Chris Oei Independent Contractor at Realty ONE Group

May 25th, 2015

In the particular case that I saw, it appears as though I and everyone I hire would be barred from working at LinkedIn, Facebook, GitHub, Twitter, Skype, Dropbox, and a large percentage of my former clients and employers. I imagine that if a company like Amazon had such a broad agreement, all their employees would not be able to get a job anywhere else. But these are specifics with one particular non-compete clause, and not the general concept of non-compete clauses.

Jake, I agree with the overall concept of keeping trade secrets secret. Personally, for now, I'd prefer to use mechanisms other than non-compete clauses to do that. Still, the fact that most of the people who replied to this thread don't have problems with the overall concept of non-compete clauses means something, and so I think I ought to take a closer look at the issue.
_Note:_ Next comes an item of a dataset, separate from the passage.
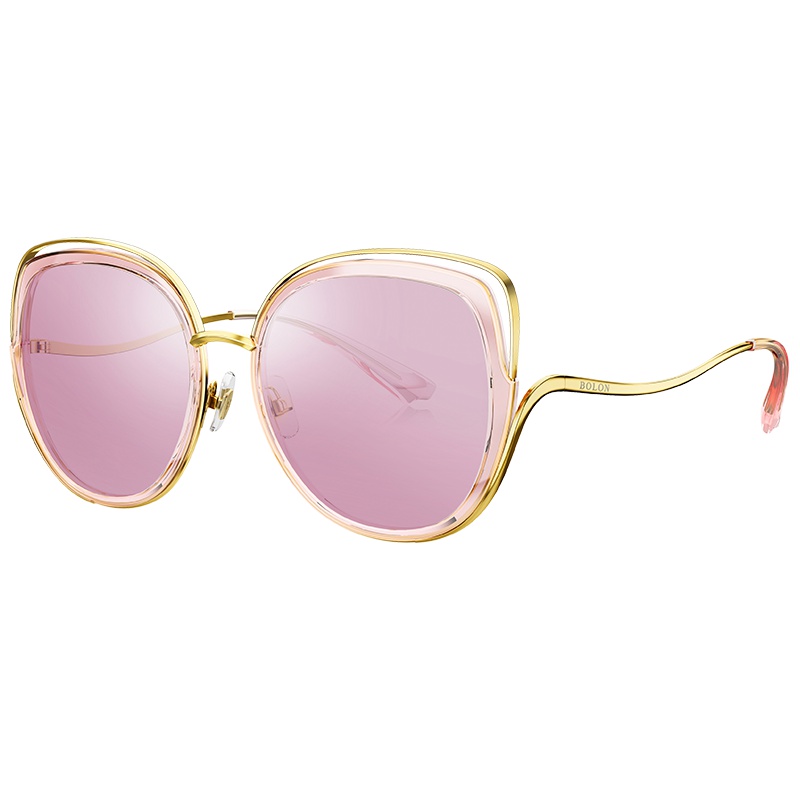 BOLON暴龙新款蝶形偏光太阳镜女潮流墨镜时尚个性眼镜BL6077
Mark Lieberman Chief Startup Officer and Director, Advantage Accelerator at Oregon State University

May 25th, 2015

@Karen, The key word in your post is STEAL. Trade secrets are protectable by law. Put yourself into the shoes of the employer. Trade secrets provide an economic value to its owner. and is generally not known to others, including competitors.

I agree that broad employee contracts do not work well. The real answer is to understand the laws of your state in what is allowed.

Jake Carlson Software Development Manager at Oracle

May 25th, 2015

Karen, nobody is saying that clients are property. But assuming those client contact info / relationships were the result of work, the issue is whether a competitor should benefit from the work of a company who paid a worker to gain that knowledge / rapport against the wishes of the company that paid for / facilitated it.

I am often subcontracted to do development work by a design company. After the initial contract is over, the client company will sometimes contact me directly for further work. In every case I either get permission from the design company to proceed or ask the client to obtain such permission. I believe to simply reap the benefit of the initial 'sale' done by the design company and cut them out from further work from a client they obtained is unethical. I understand that others may not share my standards but this is how I operate. I would be upset if those I subcontract did not extend me the same courtesy.

Again, I understand that it may be different for other professions and there be an entirely different set of ethical standards.